» **Task description**: For the entries below, print exactly the lines between the line holding "42 in. Dual" and the line holding "Выключатель 2-кл. СП", inclusive, and nothing else.

Scraped caption text data:

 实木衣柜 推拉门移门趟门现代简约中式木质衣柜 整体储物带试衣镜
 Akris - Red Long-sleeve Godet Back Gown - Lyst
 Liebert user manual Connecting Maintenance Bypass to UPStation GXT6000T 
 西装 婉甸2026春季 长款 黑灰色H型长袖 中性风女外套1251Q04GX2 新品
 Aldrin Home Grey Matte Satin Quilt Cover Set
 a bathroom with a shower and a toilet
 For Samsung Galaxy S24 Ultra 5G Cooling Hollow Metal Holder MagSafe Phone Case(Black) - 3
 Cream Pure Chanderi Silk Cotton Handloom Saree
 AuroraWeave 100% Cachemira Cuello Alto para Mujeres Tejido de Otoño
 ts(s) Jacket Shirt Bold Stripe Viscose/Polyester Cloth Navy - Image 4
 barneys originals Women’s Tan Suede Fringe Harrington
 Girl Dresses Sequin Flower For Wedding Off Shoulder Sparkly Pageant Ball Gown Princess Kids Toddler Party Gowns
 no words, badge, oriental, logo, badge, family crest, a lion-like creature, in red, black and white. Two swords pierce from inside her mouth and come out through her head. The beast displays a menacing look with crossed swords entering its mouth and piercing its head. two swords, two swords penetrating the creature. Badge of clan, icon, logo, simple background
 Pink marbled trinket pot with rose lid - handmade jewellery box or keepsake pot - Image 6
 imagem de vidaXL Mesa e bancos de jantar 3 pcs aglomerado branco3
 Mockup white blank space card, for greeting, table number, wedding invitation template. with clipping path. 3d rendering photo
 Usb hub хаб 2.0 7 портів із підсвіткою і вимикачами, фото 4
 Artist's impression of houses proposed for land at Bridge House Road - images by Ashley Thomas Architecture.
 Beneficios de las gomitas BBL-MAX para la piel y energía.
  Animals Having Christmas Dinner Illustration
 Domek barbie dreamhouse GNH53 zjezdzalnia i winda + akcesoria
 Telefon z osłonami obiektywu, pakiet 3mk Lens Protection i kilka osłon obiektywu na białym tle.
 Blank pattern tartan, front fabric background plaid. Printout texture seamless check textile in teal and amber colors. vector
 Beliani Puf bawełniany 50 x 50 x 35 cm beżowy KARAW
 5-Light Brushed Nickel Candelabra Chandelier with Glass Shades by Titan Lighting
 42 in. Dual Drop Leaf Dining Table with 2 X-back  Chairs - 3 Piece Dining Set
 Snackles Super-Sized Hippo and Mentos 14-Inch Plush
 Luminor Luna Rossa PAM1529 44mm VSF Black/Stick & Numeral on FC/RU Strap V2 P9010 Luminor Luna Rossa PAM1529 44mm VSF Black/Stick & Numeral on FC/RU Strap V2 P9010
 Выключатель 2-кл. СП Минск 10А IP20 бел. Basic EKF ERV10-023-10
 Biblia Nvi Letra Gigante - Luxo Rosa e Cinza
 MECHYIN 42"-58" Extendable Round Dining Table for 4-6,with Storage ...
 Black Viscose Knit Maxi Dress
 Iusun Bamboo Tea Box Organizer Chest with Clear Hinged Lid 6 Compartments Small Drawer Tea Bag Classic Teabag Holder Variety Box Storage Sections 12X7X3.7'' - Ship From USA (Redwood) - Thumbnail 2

» **Answer for the task**:
 42 in. Dual Drop Leaf Dining Table with 2 X-back  Chairs - 3 Piece Dining Set
 Snackles Super-Sized Hippo and Mentos 14-Inch Plush
 Luminor Luna Rossa PAM1529 44mm VSF Black/Stick & Numeral on FC/RU Strap V2 P9010 Luminor Luna Rossa PAM1529 44mm VSF Black/Stick & Numeral on FC/RU Strap V2 P9010
 Выключатель 2-кл. СП Минск 10А IP20 бел. Basic EKF ERV10-023-10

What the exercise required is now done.